### [Task brief]
Every line below that includes "entrega" counts toward the total. Report that total alone.

### [Source records]
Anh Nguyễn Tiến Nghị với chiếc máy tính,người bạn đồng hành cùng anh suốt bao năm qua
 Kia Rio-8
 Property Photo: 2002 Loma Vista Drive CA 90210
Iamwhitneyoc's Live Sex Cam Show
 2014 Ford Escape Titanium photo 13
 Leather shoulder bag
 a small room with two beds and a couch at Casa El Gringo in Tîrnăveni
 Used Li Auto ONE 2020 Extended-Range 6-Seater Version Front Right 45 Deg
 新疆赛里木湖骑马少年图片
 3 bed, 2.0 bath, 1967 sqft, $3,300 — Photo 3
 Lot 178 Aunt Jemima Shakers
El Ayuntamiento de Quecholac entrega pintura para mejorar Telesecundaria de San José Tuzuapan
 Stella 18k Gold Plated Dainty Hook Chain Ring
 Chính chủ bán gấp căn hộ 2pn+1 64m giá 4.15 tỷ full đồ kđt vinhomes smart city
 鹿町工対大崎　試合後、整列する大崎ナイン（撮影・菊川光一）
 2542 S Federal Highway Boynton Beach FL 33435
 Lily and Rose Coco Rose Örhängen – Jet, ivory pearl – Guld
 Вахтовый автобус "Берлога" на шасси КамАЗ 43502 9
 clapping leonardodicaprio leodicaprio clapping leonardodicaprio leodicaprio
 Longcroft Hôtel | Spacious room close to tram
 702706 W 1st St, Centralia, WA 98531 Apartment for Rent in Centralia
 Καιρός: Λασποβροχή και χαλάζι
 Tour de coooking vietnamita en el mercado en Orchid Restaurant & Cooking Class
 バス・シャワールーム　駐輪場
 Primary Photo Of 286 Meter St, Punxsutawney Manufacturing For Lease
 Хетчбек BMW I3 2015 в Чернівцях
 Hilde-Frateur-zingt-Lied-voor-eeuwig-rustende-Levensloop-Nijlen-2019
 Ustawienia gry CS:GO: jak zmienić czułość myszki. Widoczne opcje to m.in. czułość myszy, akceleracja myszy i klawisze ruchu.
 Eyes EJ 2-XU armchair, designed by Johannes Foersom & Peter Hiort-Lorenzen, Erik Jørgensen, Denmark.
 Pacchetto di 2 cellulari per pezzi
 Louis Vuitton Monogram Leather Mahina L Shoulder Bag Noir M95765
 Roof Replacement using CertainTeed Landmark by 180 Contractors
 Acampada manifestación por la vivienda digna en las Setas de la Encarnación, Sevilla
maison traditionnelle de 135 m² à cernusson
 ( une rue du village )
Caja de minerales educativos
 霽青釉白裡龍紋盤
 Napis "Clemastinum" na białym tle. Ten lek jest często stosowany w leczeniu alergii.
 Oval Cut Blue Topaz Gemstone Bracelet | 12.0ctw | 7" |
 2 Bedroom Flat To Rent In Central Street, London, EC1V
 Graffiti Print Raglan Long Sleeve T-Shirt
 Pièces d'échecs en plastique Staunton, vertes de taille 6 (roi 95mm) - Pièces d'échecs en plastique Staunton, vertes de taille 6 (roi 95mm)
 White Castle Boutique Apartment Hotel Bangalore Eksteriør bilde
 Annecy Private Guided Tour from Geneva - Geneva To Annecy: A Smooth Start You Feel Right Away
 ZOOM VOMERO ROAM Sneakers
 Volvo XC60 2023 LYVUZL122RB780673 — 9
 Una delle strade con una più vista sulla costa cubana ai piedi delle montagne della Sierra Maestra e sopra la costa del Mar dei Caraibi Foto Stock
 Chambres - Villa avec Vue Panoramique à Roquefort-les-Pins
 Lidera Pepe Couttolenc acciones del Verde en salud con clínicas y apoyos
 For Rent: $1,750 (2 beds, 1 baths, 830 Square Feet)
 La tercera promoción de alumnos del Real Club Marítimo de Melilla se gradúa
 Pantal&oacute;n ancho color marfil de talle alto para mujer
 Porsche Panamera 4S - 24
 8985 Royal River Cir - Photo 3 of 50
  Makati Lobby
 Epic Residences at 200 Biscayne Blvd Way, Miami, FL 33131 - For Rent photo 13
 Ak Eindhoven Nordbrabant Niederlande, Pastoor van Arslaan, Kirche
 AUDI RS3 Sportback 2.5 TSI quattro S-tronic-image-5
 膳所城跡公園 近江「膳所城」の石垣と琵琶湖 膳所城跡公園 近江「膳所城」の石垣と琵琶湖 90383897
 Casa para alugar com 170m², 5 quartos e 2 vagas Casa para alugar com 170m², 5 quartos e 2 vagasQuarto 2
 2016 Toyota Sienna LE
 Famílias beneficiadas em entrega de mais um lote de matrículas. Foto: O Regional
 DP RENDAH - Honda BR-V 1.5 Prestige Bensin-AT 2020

### [Problem solution]
2